建国以来直至“文化大革命”结束的大约30年间,在阶级斗争的视野里,具有海外关系者自然难以被信任。其原因十分简单。第一,大部分海外华人的侨居国的政体非社会主义性质,有些甚至生活在“敌对势力”的国家里;第二,不少海外华人按阶级分析的观点,并不属于劳动者阶层。尽管说长期以来在对待实业家、资产者存在着多重标准,在很多情况下,除了一些政治上需要的特例,政府对之有关的人和事总是顾虑有加。
总体而言,直到“文化大革命”以前,侨务工作还是取得了很大的成就,国家威望提高,吸引了不少华人、华侨回归。他们或者来华学习,或干脆回国定居。当年福建、广东校园里活跃着大量的“侨生”便是证明。其时,“海外关系”仅作为一种内部掌握的分寸,并为泛出表面,也未成为一种污名,甚至并为成为广为使用的用语。

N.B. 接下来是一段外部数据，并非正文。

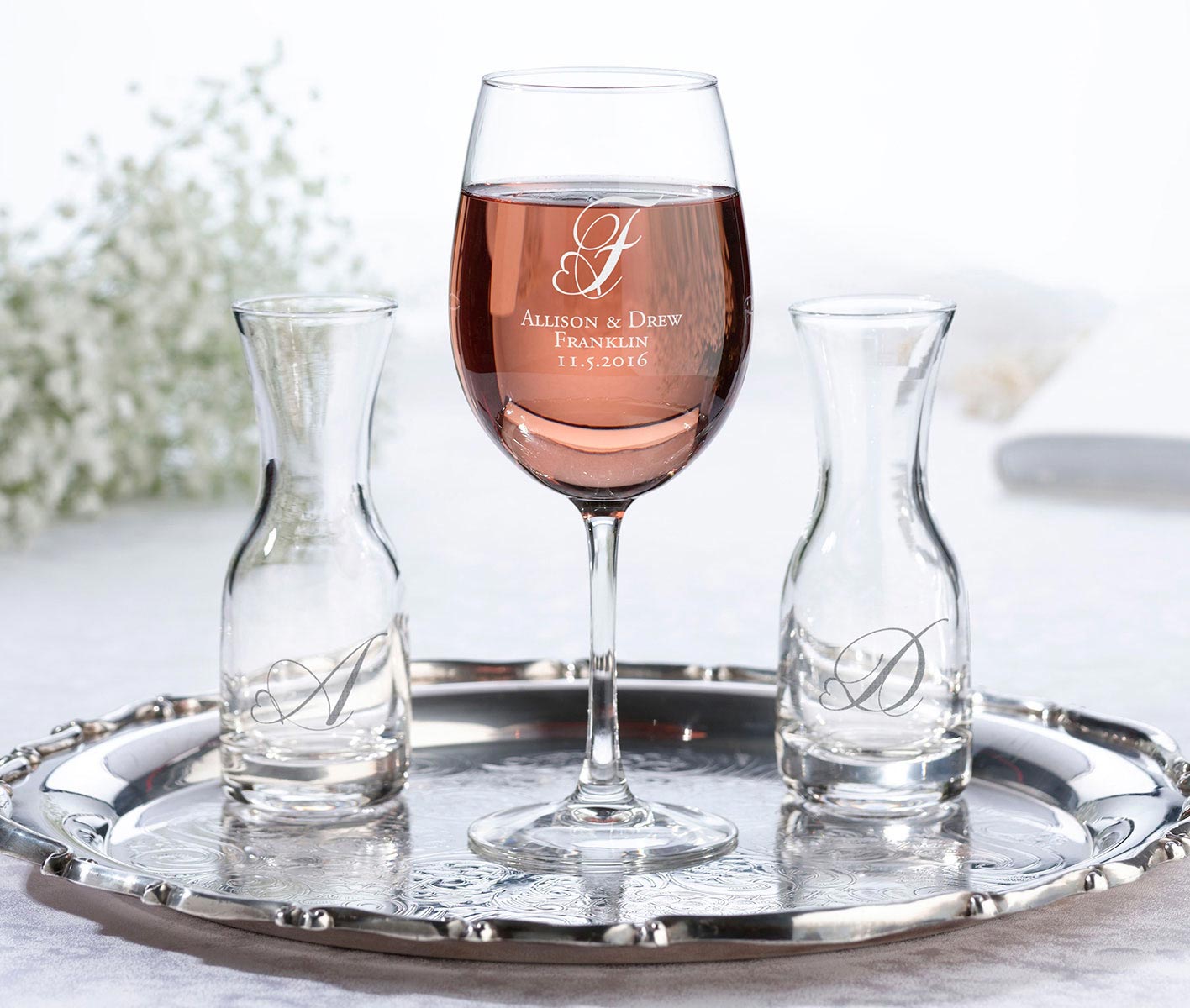 Unity Wine Ceremony Glass & 2 Carafes Heart Monogram Personalization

“海外关系”一语凸显于国家生活里是自“文化大革命”开始的。这应是一个不争的事实。“文革”初年所谓的“红五类”与“黑五类”的划分虽没有明确定义具有“海外关系”者的成份问题,但在稍后开始的“清理阶级队伍”的运动中(1968年5月25日宣布开始),居住在城市里的,大凡具有“海外关系”的家庭都受到了不同程度的冲击。不少当事人被扣上了“间谍”、“特务”的帽子,惶惶不可终日。虽说这类阶级斗争行为是当时某些当政者如“四人帮”之流所支持,但是它们能如火如荼地席卷全国是与长期以来的最高当权者所倡导的阶级斗争、无产阶级专政下继续革命等理论深入人心大有关系。
在极左路线下,“海外关系”成为一种污名,后来这一概念的内容扩大到包括港澳台三地在内。国民党政权下的台湾,在以往两岸武力对峙的形势下,固然被视为反动势力的渊薮。而亲人在台湾者,在“文革”期间随时可能被戴上“特嫌”或“美将特务”的帽子。香港与澳门作为国际性都会,各种势力活动其间,五方杂处。与之有关者,自然在政治高压的年代里不被看好。“文革”期间,在对人的再分类中,与上述三地有关者也被指涉为具有“海外关系”。从而,“具有海外关系”意味着与敌对势力具有某种剪不断理还乱的关系。一时间,“海外关系”成为人们避之唯恐不及的污名。许多家庭甚至因此而家破人亡,更多的家庭的亲人也因此失去了联系。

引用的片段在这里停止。